Another special plant is Empetrum rubrum, a species usually found much further south in Chile, but which has an enclave here, surviving since the last Ice Age. In a deep ravine on the left there is also a very big population of Loasa lateritia which, unlike most species of Loasacaeae does not have stingy leaves, and is extremely ornamental due to the big red flowers which are very difficult to miss when the plant blooms. When you almost reach the end of the lake, the road gives a long detour around the bay which is a preferred spot for recreational fishermen and there is a small, but dense population of yellow Euphrasia andicola worth a short stop.
The road passes a shack at the end of the lake where a few plants of Araucaria araucana were planted (very laudable), unfortunately the people keep a lot of livestock which decimates the native plants all around that place (not so laudable at all). In general one must say that the shepherds here are extremely ignorant about the the protection of wildlife and plants, and especially one custom is very dangerous – to burn off woody shrub areas to replace them with pasture-type vegetation, like Stipa. Fortunately, it is rather difficult to set the vegetation on fire, so only small patches suffer every year here and there. But I have seen areas where more interesting and rare plants suffered heavily this intervention. One might think that such plants like Alstroemerias may recover easily next year – finally their main organs are hidden well below the ground, but this is not the case. One field of Alstroemeria exersens was completely burned down one season. Next season I have observed only about 10 % of plants. Now, in 2009 it is already two years since the incident, and still no more plants are to be seen. It remains to be seen whether this damage is permanent and how many years it will take for this population to recover. These barbaric practices must stop, but the authorities are helpless (or do not care). Although in Chile there is a law which provides imprisionment for those who set fire (even unintentionally), it is never applied even in more populated areas, so here in the wilderness it is non-existent.

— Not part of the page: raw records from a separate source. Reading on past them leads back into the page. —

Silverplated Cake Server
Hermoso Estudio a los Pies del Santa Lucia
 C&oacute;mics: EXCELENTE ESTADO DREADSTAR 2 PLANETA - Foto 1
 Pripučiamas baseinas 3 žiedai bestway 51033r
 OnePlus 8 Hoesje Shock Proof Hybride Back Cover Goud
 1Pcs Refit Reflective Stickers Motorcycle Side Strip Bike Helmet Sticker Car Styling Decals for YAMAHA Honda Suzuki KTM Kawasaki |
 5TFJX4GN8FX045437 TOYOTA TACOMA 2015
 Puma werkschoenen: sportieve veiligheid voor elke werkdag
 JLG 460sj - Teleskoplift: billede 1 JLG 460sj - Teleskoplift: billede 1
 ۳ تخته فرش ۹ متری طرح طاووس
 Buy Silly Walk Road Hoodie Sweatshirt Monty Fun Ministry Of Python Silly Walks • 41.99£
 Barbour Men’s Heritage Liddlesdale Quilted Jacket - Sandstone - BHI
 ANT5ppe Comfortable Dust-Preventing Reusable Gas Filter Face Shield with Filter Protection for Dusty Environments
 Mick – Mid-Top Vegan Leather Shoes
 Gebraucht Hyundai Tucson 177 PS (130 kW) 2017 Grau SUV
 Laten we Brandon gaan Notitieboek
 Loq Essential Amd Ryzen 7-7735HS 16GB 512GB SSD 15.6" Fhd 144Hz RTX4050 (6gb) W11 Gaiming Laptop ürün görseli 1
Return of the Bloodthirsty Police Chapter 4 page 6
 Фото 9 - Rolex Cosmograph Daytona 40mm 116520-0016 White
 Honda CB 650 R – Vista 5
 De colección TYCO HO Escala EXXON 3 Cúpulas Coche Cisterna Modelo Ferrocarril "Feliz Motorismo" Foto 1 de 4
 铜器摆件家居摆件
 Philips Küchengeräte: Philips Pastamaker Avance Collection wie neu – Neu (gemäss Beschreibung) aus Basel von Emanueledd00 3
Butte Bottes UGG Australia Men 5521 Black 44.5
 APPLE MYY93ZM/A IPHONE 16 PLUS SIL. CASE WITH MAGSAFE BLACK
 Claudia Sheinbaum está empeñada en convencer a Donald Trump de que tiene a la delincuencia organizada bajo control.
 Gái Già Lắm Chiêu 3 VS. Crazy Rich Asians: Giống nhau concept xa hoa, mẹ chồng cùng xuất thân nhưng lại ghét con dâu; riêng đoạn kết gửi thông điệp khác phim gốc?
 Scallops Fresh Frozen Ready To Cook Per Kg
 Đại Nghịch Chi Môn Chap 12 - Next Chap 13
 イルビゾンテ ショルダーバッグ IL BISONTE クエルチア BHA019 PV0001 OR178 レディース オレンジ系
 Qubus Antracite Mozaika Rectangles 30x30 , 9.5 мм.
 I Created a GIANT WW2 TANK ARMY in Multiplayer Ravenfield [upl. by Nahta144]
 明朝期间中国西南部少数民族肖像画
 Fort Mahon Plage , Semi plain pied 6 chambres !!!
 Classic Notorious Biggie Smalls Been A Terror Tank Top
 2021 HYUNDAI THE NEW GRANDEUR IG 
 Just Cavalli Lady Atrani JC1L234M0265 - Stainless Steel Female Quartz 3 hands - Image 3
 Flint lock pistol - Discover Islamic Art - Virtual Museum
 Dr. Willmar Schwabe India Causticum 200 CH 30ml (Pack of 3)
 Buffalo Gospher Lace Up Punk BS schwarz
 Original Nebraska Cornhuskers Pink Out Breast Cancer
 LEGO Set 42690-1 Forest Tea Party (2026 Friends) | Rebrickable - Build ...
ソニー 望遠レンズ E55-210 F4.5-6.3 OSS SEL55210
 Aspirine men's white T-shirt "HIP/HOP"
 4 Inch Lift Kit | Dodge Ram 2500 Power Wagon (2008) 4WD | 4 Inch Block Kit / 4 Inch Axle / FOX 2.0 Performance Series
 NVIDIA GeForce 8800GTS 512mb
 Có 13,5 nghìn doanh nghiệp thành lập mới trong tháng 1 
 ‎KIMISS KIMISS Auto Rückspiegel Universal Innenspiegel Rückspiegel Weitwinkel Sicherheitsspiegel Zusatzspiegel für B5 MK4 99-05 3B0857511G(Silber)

The road continues on to the Argentinian border (about 8 km. from the end of the lake), and this part is also extremely interesting, because the vegetation changes to higher altitude plant species. It is impossible to mention all the areas and species, but look out for the delicate Oxalis adenophylla fields very close to the border and Calandrinia affinis. Also very interesting place to check out if driving a small car is the “vega” just at the border, when you arrive at the border, look left, you will see a flat area with high posts and then some 300 meters further there are green spots. There are at least 25 species there!
If you are driving 4-wheel drive vehicle, you might as well consider some adventure and drive up to the Cari-launa Lake just above the border at 3000 m (See the article on Trip to the Cari-Launa Lake).